▶ **What to do**: Copy out, unchanged, every line from the start of the records to the line that contains "China – As importações", and stop there.

▶ **Input records**:

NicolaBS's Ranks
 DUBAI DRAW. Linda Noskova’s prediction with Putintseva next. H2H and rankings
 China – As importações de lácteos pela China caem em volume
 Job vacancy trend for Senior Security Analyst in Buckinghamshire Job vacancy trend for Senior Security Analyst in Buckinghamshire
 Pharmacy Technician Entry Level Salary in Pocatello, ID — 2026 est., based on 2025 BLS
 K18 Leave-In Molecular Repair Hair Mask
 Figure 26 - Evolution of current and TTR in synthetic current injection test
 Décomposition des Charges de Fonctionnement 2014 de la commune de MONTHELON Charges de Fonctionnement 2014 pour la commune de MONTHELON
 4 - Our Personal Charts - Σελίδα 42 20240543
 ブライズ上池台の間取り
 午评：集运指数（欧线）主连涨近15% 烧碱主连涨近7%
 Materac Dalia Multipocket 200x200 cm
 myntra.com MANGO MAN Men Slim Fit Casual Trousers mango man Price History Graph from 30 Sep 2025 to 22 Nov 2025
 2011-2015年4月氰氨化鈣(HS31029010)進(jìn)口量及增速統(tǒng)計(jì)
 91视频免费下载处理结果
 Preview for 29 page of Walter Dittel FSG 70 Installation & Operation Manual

▶ **Exercise solution**:
NicolaBS's Ranks
 DUBAI DRAW. Linda Noskova’s prediction with Putintseva next. H2H and rankings
 China – As importações de lácteos pela China caem em volume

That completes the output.